▶ **YOUR GOAL**: The required answer is an exact copy of every line from the beginning of the entries through the line with "Kitchen. We'll come", with all pictures omitted.

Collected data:

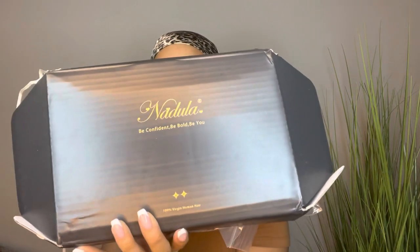It's so loud — it's 2:30 a.m. So it comes in a black box with the gold lettering on the front: Nadula, Be Confident, Be Bold, Be You. This wig comes with a lot. I'm surprised they fit all this stuff in here, but it comes with this little mesh bag with some accessories and some tools.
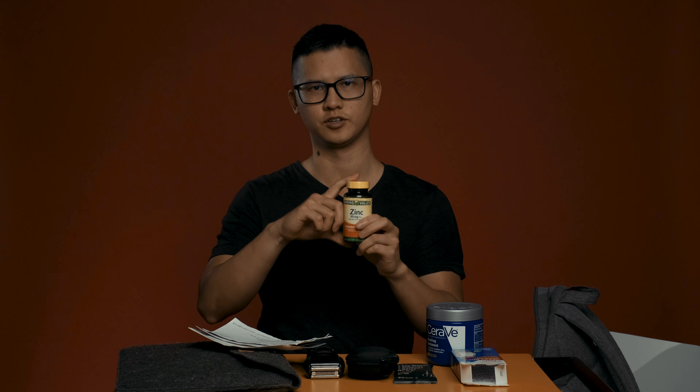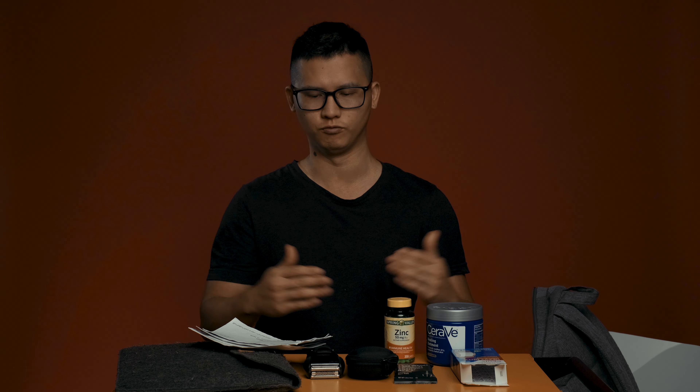Last thing to show you: the zinc. This is very important. I just keep this here — I don't take it, I just keep it in case I need it. The reason I have all that stuff in the bag is sometimes I like to pack some random stuff, but also I forget to take stuff out. I like to keep things to a minimum, using as little space as possible.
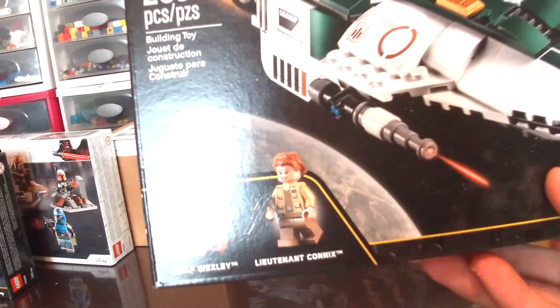Next up, we have the 75267 Mandalorian battle pack. I really like this battle pack. I like how we have a bunch of different minifigures here, unlike the old Mandalorian battle pack where we got four of the same minifigures. The builds on this are pretty nice, pretty small piece count, but that's about average for a battle pack. On the back we have the features — not a ton, but I'm mostly just really excited for these minifigures.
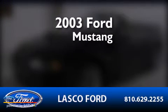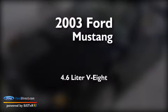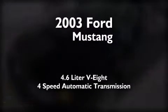This is a 2003 Ford Mustang. It features a 4.6 liter 8-cylinder engine and a 4-speed automatic transmission.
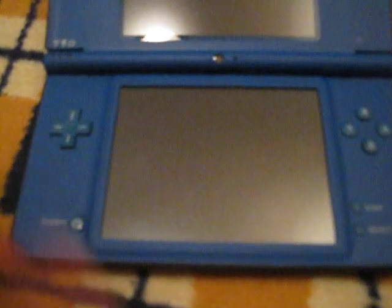So I bought a Nintendo DSi XL. The difference between the Nintendo DSi and the Nintendo DSi XL is that it has bigger screens. The power button is here, and on the Nintendo DSi it's here. And then there are the buttons and other stuff.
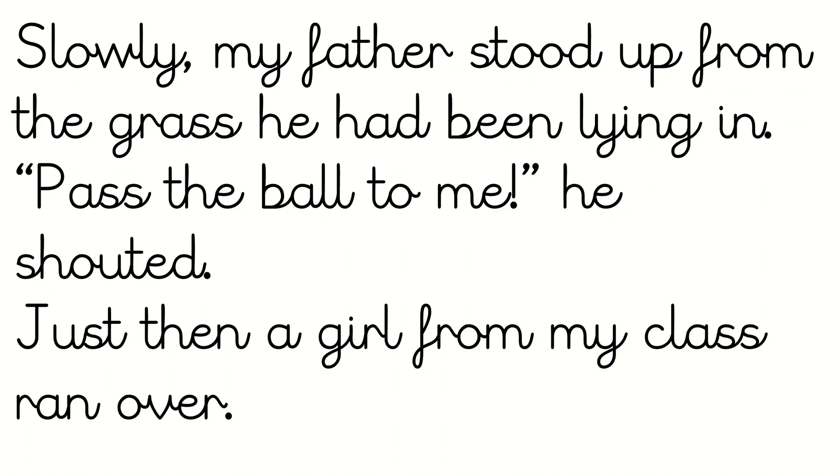Right, let's have a look then. Did you find the words? There's father, and grass, and pass, and class. Well done if you spotted those.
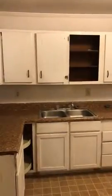Kitchen. We'll come in here and paint the cabinets. Sink seems to be in pretty good order. This is the door that goes outside.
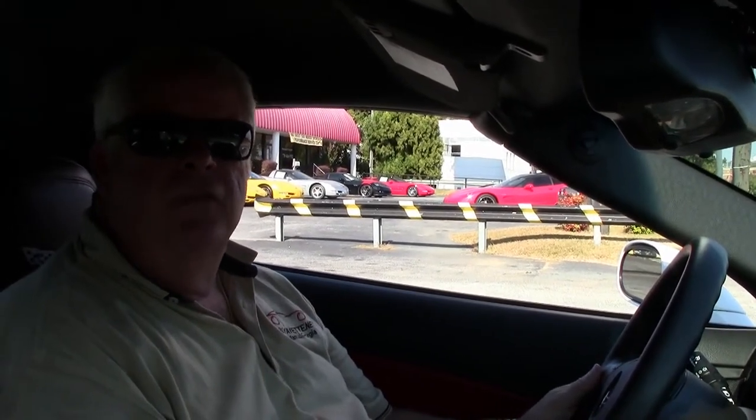Hello, folks. Welcome to BioVet Atlanta, Georgia. My name is Rick Engel. Today, I'm going to take you on a test drive on this 2011 3LT C6 Grand Sport.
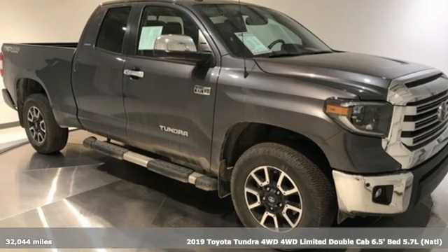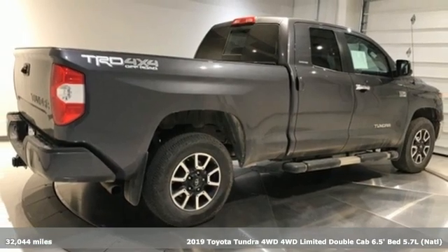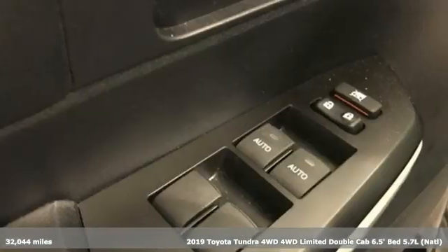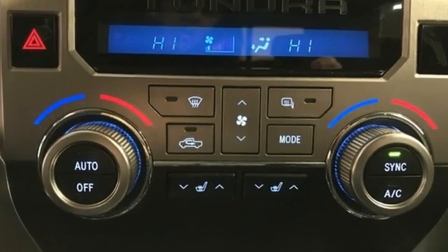Here's a 2019 Toyota Tundra four-wheel drive. You need a truck that's as much of a workhorse as you are. This Tundra was built to meet life's toughest demands. It's equipped for all your driving needs and wants.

▶ **ANSWER BELOW**:
It's so loud — it's 2:30 a.m. So it comes in a black box with the gold lettering on the front: Nadula, Be Confident, Be Bold, Be You. This wig comes with a lot. I'm surprised they fit all this stuff in here, but it comes with this little mesh bag with some accessories and some tools.
Last thing to show you: the zinc. This is very important. I just keep this here — I don't take it, I just keep it in case I need it. The reason I have all that stuff in the bag is sometimes I like to pack some random stuff, but also I forget to take stuff out. I like to keep things to a minimum, using as little space as possible.
Next up, we have the 75267 Mandalorian battle pack. I really like this battle pack. I like how we have a bunch of different minifigures here, unlike the old Mandalorian battle pack where we got four of the same minifigures. The builds on this are pretty nice, pretty small piece count, but that's about average for a battle pack. On the back we have the features — not a ton, but I'm mostly just really excited for these minifigures.
This is a 2003 Ford Mustang. It features a 4.6 liter 8-cylinder engine and a 4-speed automatic transmission.
So I bought a Nintendo DSi XL. The difference between the Nintendo DSi and the Nintendo DSi XL is that it has bigger screens. The power button is here, and on the Nintendo DSi it's here. And then there are the buttons and other stuff.
Right, let's have a look then. Did you find the words? There's father, and grass, and pass, and class. Well done if you spotted those.
Kitchen. We'll come in here and paint the cabinets. Sink seems to be in pretty good order. This is the door that goes outside.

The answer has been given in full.